── Record excerpts ──

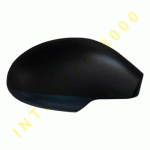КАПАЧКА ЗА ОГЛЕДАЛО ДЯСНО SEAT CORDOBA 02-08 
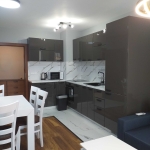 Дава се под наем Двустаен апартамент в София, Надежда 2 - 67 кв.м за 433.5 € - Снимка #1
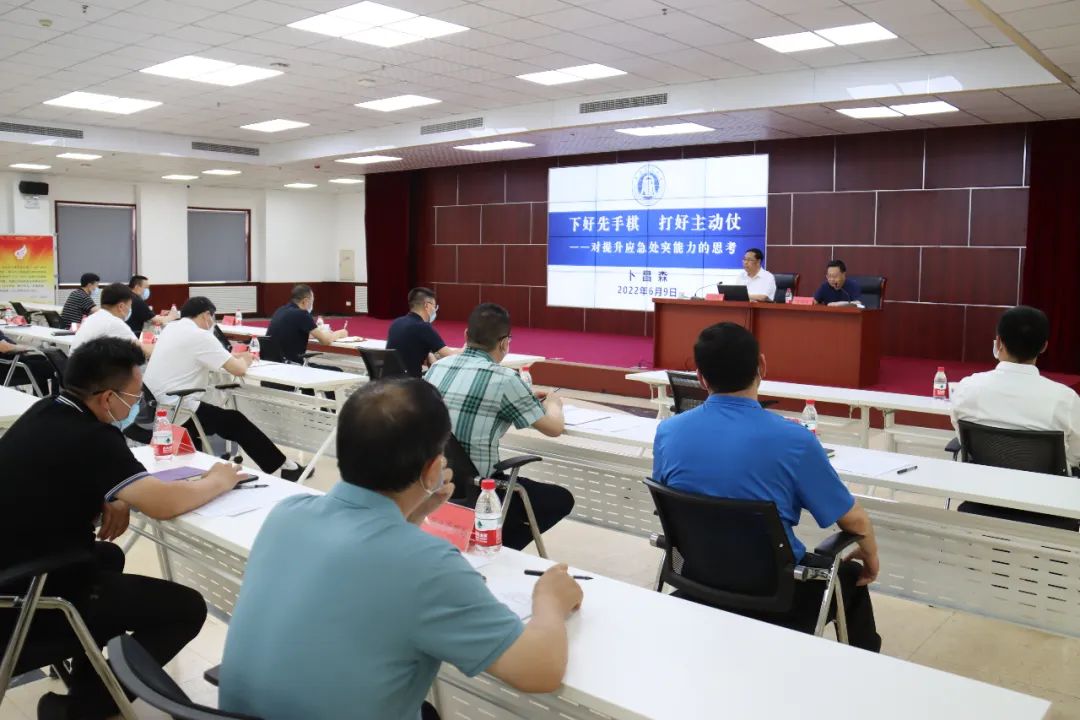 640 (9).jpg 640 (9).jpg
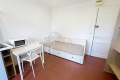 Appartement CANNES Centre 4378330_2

───
── Record excerpts ──

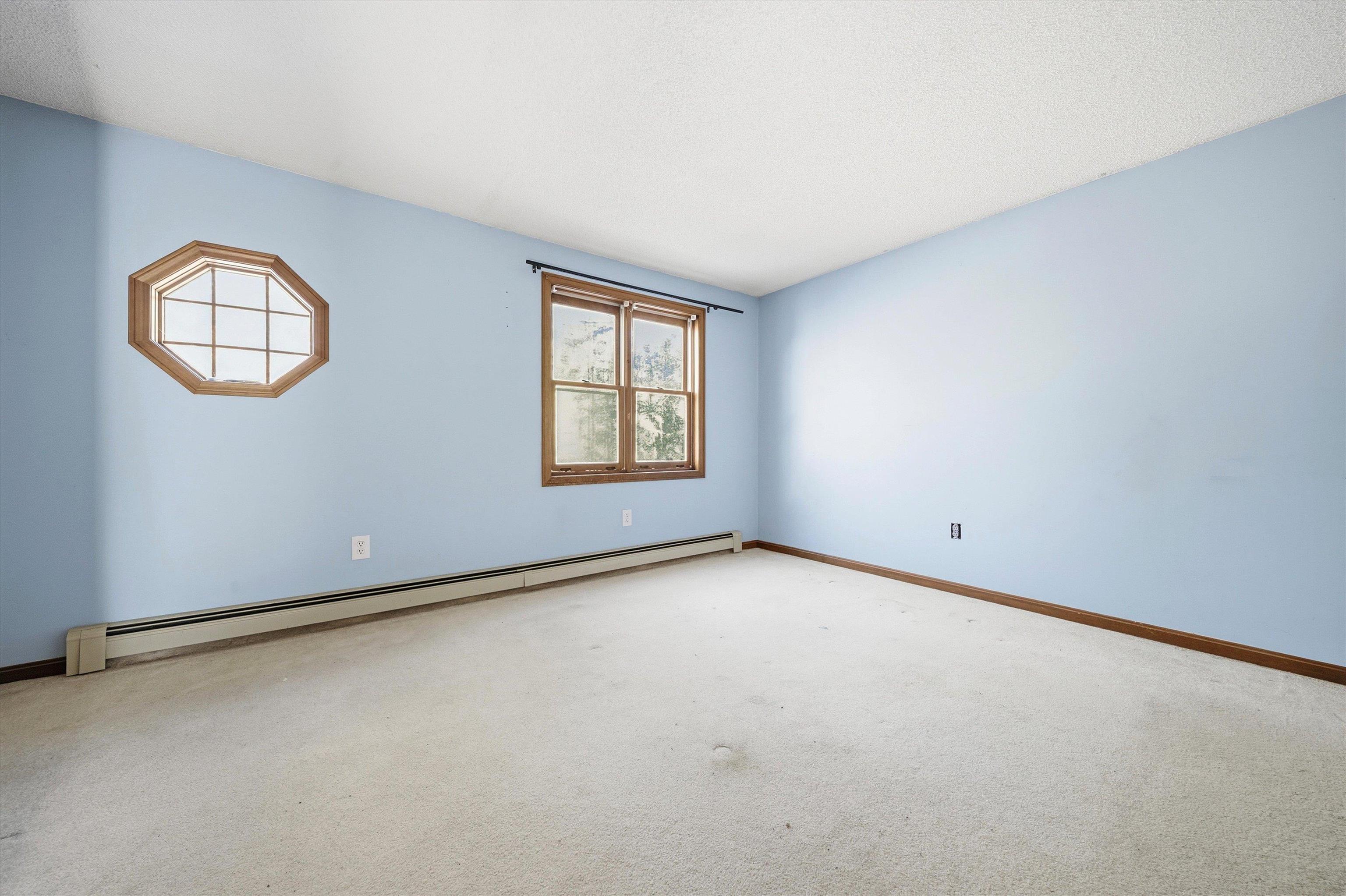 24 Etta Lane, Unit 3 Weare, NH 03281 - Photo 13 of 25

───

In the records above, everything from the line with "КАПАЧКА ЗА ОГЛЕДАЛО ДЯСНО SEAT CORDOBA 02-08" down to the line with "Appartement CANNES Centre 4378330_2" must be duplicated exactly, both lines kept. Leave no pictures in.

> [Written solution]:
КАПАЧКА ЗА ОГЛЕДАЛО ДЯСНО SEAT CORDOBA 02-08 
 Дава се под наем Двустаен апартамент в София, Надежда 2 - 67 кв.м за 433.5 € - Снимка #1
 640 (9).jpg 640 (9).jpg
 Appartement CANNES Centre 4378330_2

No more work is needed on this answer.